▶ _Action item_
Take nothing but the lines from the one with "My name is Gleb." through the one with "This is Matt" in the entries below, both ends kept, and return them exactly with pictures left out.

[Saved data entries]
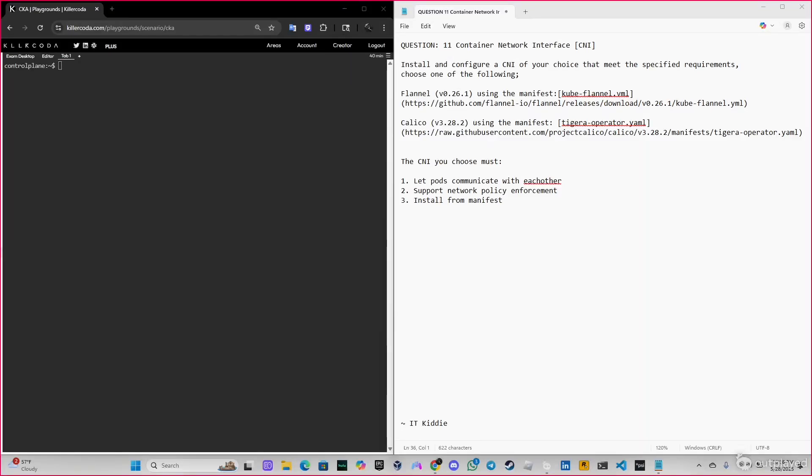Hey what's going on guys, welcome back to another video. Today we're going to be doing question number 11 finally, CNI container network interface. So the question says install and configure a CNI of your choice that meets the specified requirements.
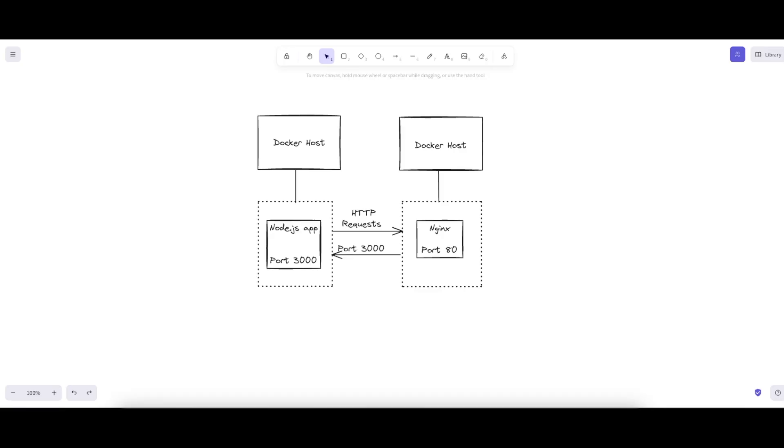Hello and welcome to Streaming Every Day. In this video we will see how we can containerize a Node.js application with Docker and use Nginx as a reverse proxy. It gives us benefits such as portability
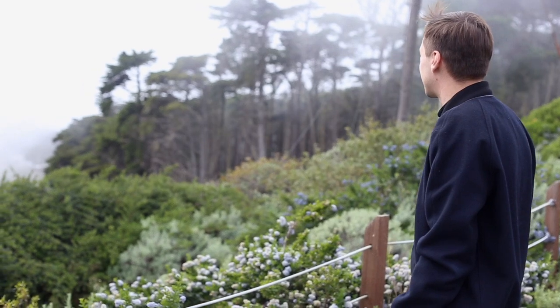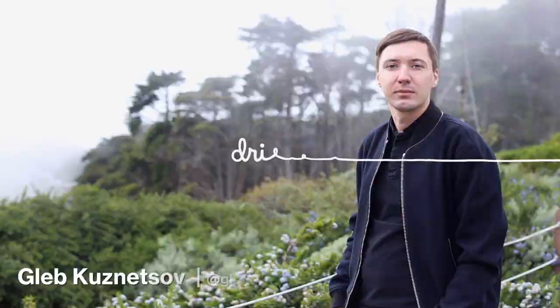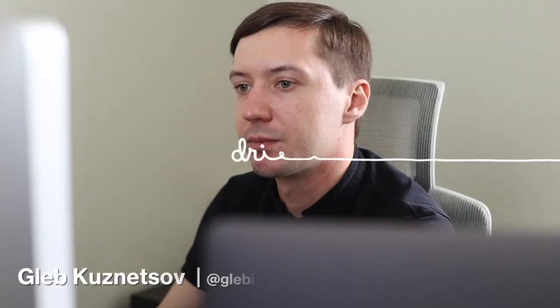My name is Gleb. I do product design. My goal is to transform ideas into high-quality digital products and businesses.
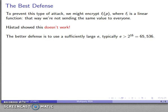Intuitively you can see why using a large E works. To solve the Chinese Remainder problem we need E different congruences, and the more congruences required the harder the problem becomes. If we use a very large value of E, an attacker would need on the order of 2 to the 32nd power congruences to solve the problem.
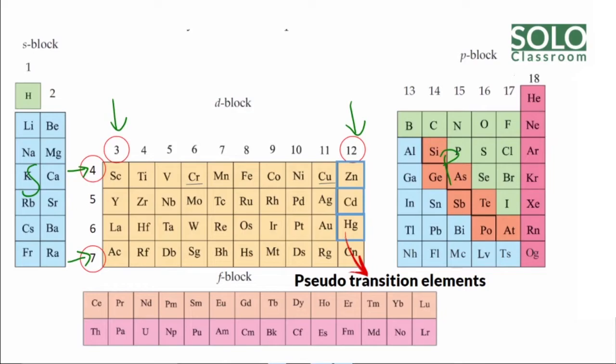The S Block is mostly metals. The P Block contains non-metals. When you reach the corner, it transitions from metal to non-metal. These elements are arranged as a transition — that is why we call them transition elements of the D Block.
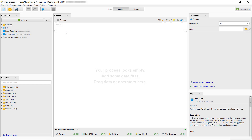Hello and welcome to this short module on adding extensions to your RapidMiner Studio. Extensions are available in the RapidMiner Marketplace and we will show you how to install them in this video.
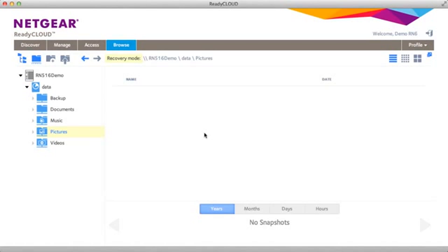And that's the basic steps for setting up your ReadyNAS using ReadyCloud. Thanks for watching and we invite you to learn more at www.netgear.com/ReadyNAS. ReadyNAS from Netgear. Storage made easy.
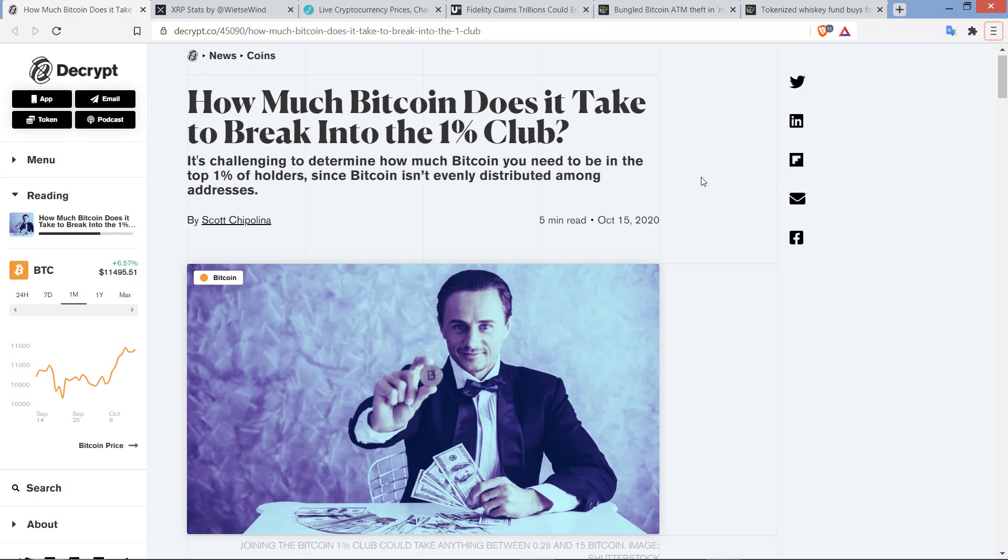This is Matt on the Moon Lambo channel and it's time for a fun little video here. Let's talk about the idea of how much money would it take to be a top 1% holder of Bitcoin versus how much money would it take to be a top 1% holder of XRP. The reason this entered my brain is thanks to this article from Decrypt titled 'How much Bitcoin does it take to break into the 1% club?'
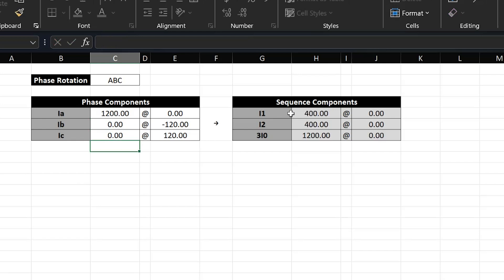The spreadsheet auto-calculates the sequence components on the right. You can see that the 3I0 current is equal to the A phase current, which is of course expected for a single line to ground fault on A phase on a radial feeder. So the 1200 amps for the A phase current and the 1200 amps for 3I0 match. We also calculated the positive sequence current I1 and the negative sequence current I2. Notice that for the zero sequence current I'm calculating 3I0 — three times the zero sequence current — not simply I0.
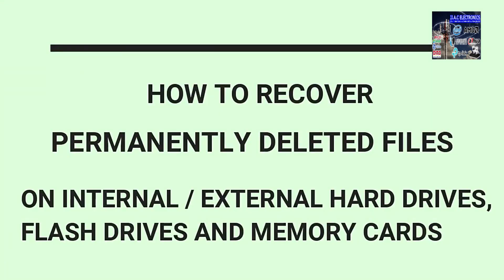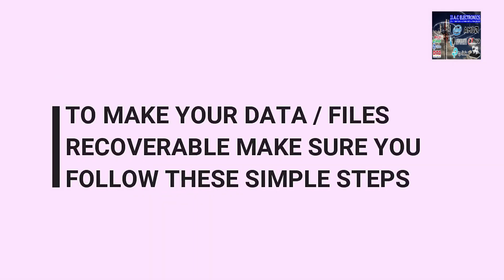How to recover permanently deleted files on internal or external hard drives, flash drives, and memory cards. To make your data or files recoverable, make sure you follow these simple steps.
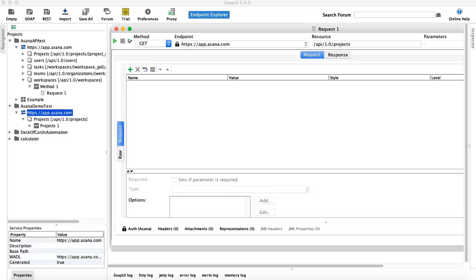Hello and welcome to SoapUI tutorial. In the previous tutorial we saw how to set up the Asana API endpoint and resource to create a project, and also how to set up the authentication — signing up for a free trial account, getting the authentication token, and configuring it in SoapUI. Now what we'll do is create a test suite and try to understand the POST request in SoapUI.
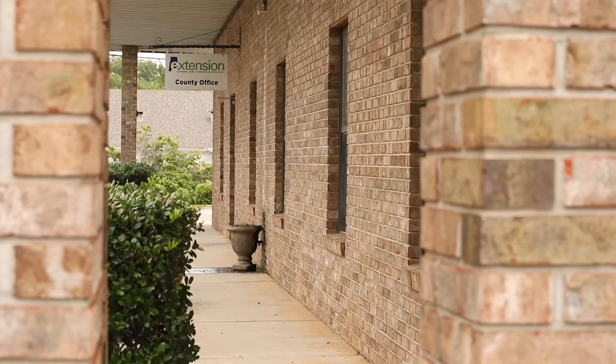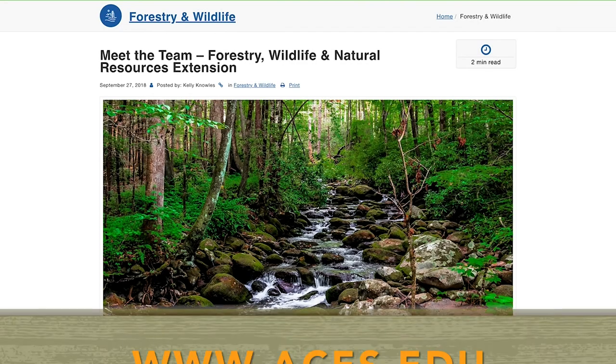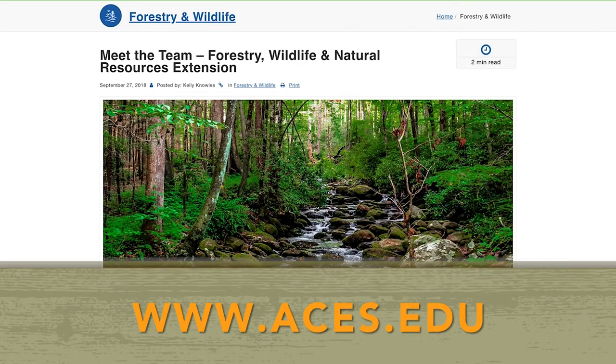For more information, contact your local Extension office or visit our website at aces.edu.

▶ _Solution for this problem_
My name is Gleb. I do product design. My goal is to transform ideas into high-quality digital products and businesses.
Intuitively you can see why using a large E works. To solve the Chinese Remainder problem we need E different congruences, and the more congruences required the harder the problem becomes. If we use a very large value of E, an attacker would need on the order of 2 to the 32nd power congruences to solve the problem.
The S Block is mostly metals. The P Block contains non-metals. When you reach the corner, it transitions from metal to non-metal. These elements are arranged as a transition — that is why we call them transition elements of the D Block.
Hello and welcome to this short module on adding extensions to your RapidMiner Studio. Extensions are available in the RapidMiner Marketplace and we will show you how to install them in this video.
And that's the basic steps for setting up your ReadyNAS using ReadyCloud. Thanks for watching and we invite you to learn more at www.netgear.com/ReadyNAS. ReadyNAS from Netgear. Storage made easy.
This is Matt on the Moon Lambo channel and it's time for a fun little video here. Let's talk about the idea of how much money would it take to be a top 1% holder of Bitcoin versus how much money would it take to be a top 1% holder of XRP. The reason this entered my brain is thanks to this article from Decrypt titled 'How much Bitcoin does it take to break into the 1% club?'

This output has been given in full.